» **REQUIREMENT**: Word for word, please restate the line that contains "The fabric used" and all lines after it through the end of the material, minus the pictures.

» **INFORMATION SUPPLIED**:
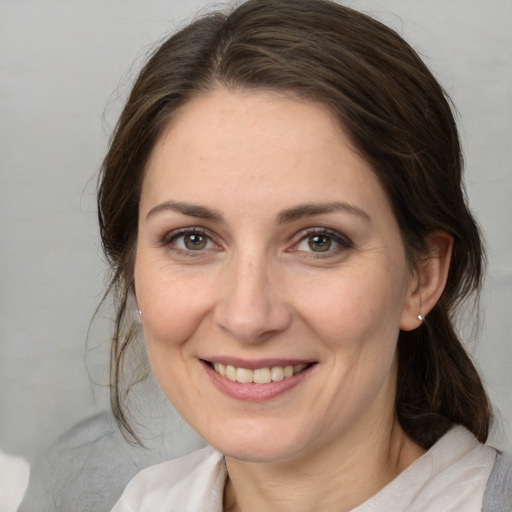 Joyful white adult female with medium  brown hair and brown eyes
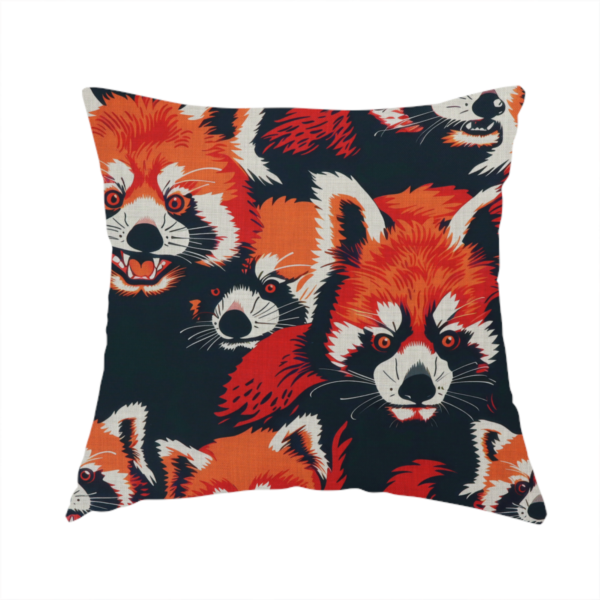 The fabric used to create this handmade cushion is a stylized, vibrant red pandas with white and black facial markings against a dark navy blue background.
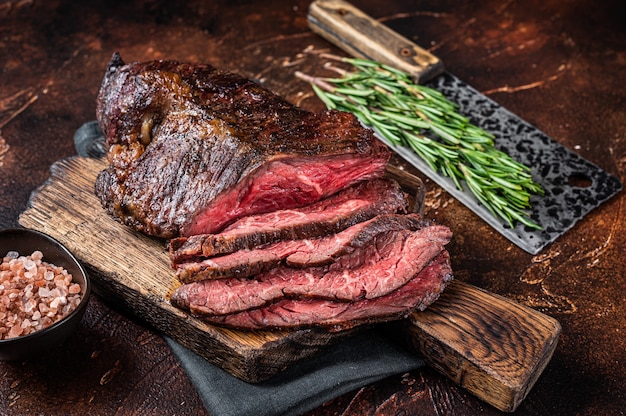 Bife de carne assada pendurada ou fatiada Onglet em uma tábua de açougueiro com cutelo. Vista do topo.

» **THE COMPLETED TASK**:
 The fabric used to create this handmade cushion is a stylized, vibrant red pandas with white and black facial markings against a dark navy blue background.
 Bife de carne assada pendurada ou fatiada Onglet em uma tábua de açougueiro com cutelo. Vista do topo.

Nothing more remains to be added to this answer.